Given that the 401(k) plan has been around for fewer than 40 years, the generation of people retiring today is the first to have used it as their primary investing savings vehicle. And with that wave will come plenty of questions about what to do with the money. Is rolling it over to an IRA, as is the standard advice for job-changers, the best prescription? Or are there other viable options?
Here's an overview of the key routes you can take with your 401(k) when you retire, as well as the pros and cons of each.
Option 1: Take the Money and Run
Benefits: When you're retired, cashing out of a 401(k) isn't quite as terrible an idea as is an outright withdrawal prior to age 59 1/2. If you're age 59 1/2 or older (or age 55, if you meet certain criteria), you won't owe an early-withdrawal penalty on a withdrawal of 401(k) assets, though you'll still owe ordinary income tax on the distribution.
Disadvantages: The first big negative is that by pulling the assets out of the confines of a tax-sheltered vehicle--an IRA or 401(k), for example--you won't be able to take advantage of tax-deferred compounding (or tax-free compounding, in the case of Roth assets) over the course of your retirement. True, it's not terribly hard to limit ongoing tax costs by investing in a tax-savvy manner within a taxable account. But perhaps the biggest disadvantage to taking a lump sum from a 401(k) is that you'll owe ordinary income tax on the whole kitty--you won't have the opportunity to spread the tax hit over many years.
Option 2: Leave It Be
Benefits: One of the key benefits to leaving your money in some sort of a tax-sheltered vehicle--whether the old 401(k) or an IRA--is that you'll continue to enjoy tax-deferred compounding on your money (or tax-free compounding). This is arguably a particularly big advantage in retirement, as bonds and other income-producing securities take up a large share of your portfolio. That's because you won't owe tax on these investments' income distributions; you'll just owe tax when you yourself begin pulling money out.

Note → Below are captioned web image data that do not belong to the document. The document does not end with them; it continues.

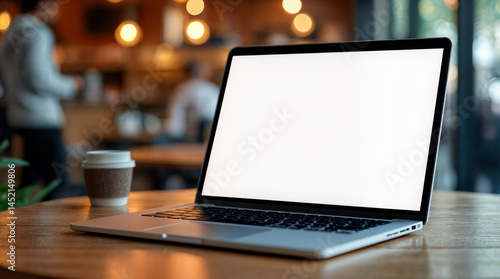 Blank screen laptop computer on wood table top with blur cafe restaurant with abstract bokeh light defocused background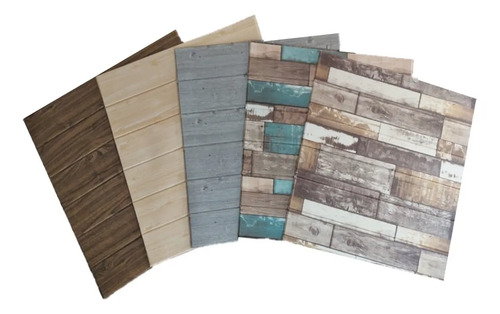 Panel Decorativo Madera Espuma 3d Autoadhesiva * 23 Pcs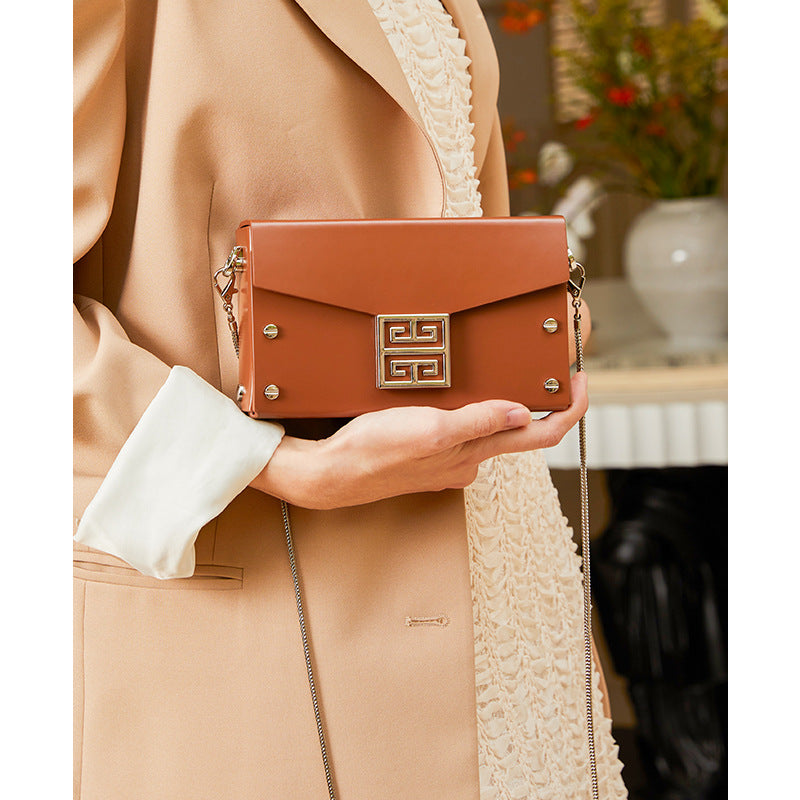 Women's genuine leather handheld small square bag new high-end crossbody bag women's white mini small bag shoulder bag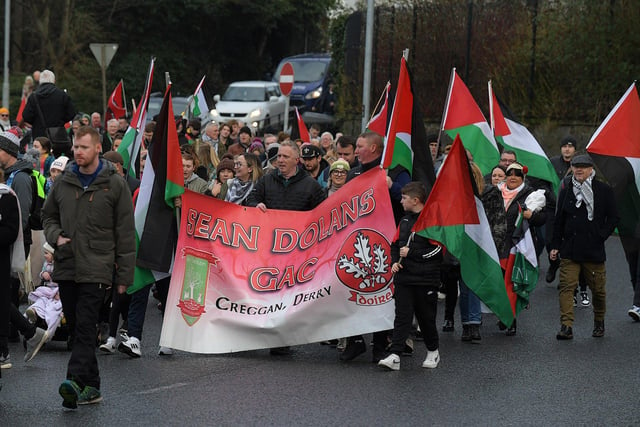 Sean Dolan’s GAC club members take part in a march and rally, in Derry on Saturday afternoon, calling for a ceasefire in Gaza. Photo: George Sweeney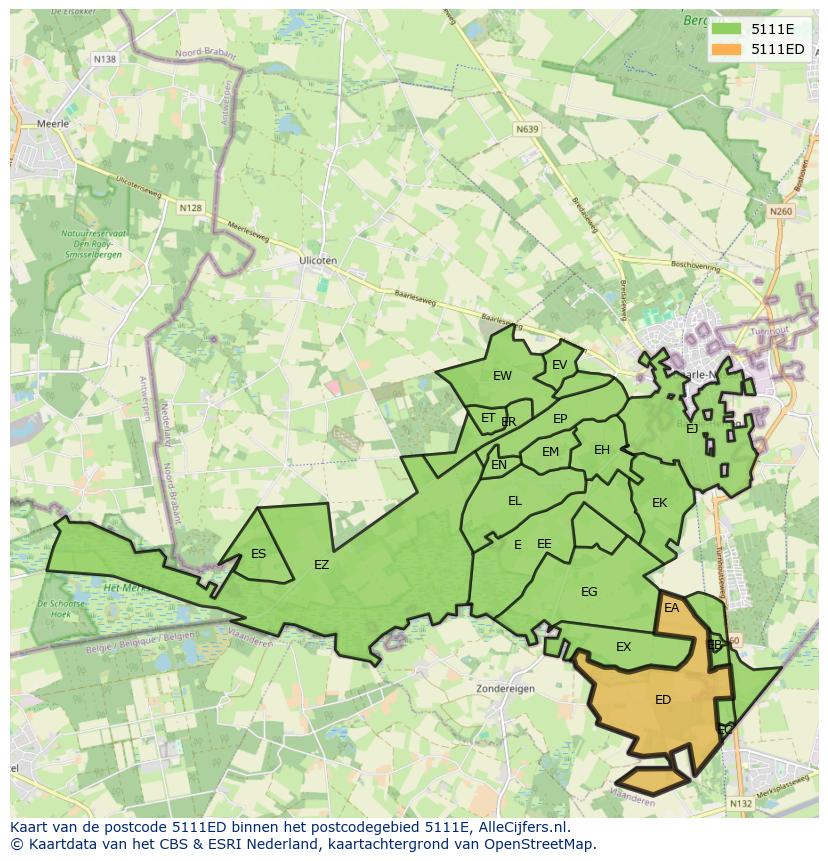 Afbeelding van het postcodegebied 5111 ED op de kaart.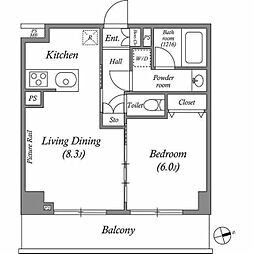 ルクレ上北沢ルネサンスコート 3階1LDKの間取り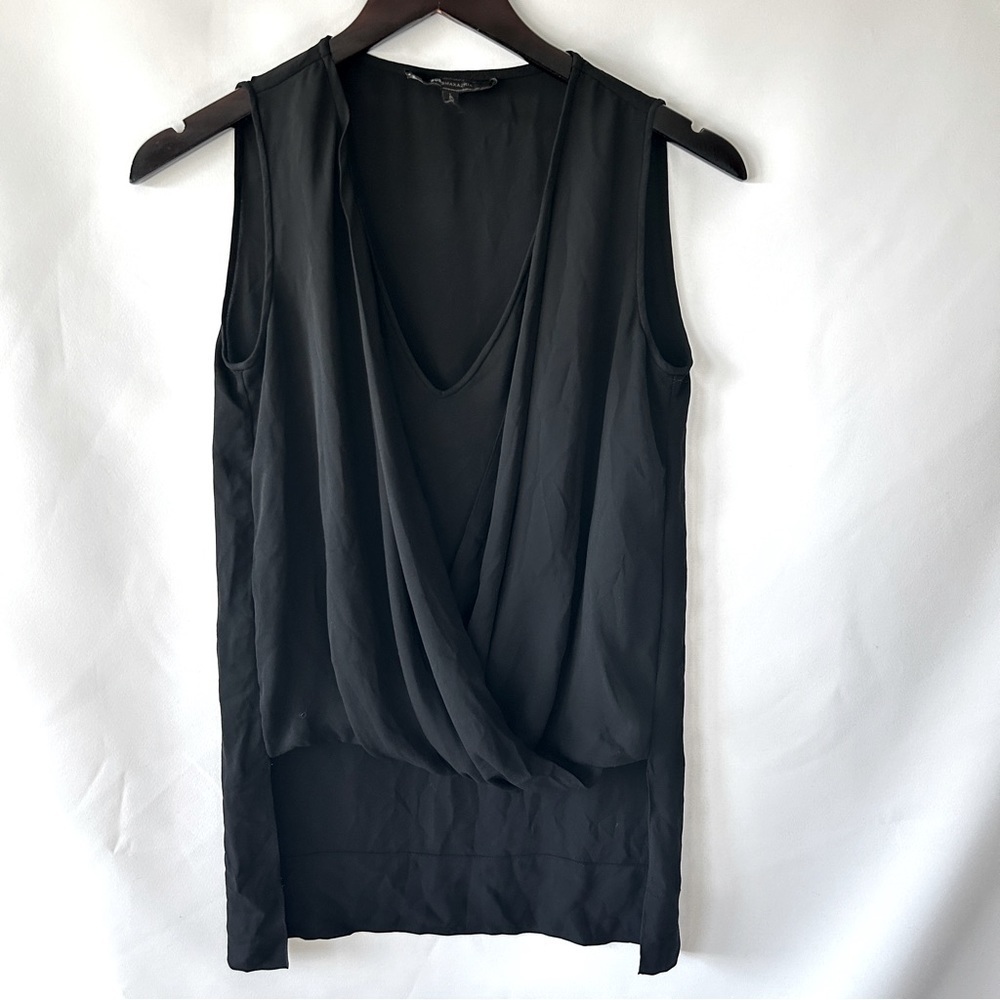BCBGMaxAzria Women’s Black Antonella V-Neck Faux Wrap Hi Low Tank Top Size XXS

It can also make sense to leave the money in your old 401(k) if your former employer offered a gold-plated plan with lots of low-cost options, some of which were exclusive to your company. For example, some plans provide access to ultra-cheap institutional share classes, and you won't find a stable-value fund outside of the confines of a 401(k) plan, either. (Many retirees have told me that their stable-value option is the sole reason they've left assets in their former employer's 401(k) rather than pulling it out.) Provided you're not paying any administrative costs that override the benefits of those exclusive options, sticking with an old 401(k) plan can make sense.
Leaving the money in your former employer's plan can also be the right choice under certain circumstances. For example, people who will need to tap their 401(k) assets prior to age 59 1/2 are also better off leaving the money in the plan rather than rolling it over to an IRA, because they can avoid the penalty on early withdrawals once they hit age 55 and are separated from service during or after the year in which they turned 55. Just be sure to fully assess your portfolio's long-run sustainability before contemplating withdrawals at such an early age. Also note that some 401(k) plans may not allow the age-55 withdrawal option.
In addition, assets in a 401(k) often have better creditor protections than assets in an IRA, though the protections vary by state. Finally, if employer stock consumes a big share of your 401(k), you may save on taxes by leaving the money inside of the plan rather than rolling it over.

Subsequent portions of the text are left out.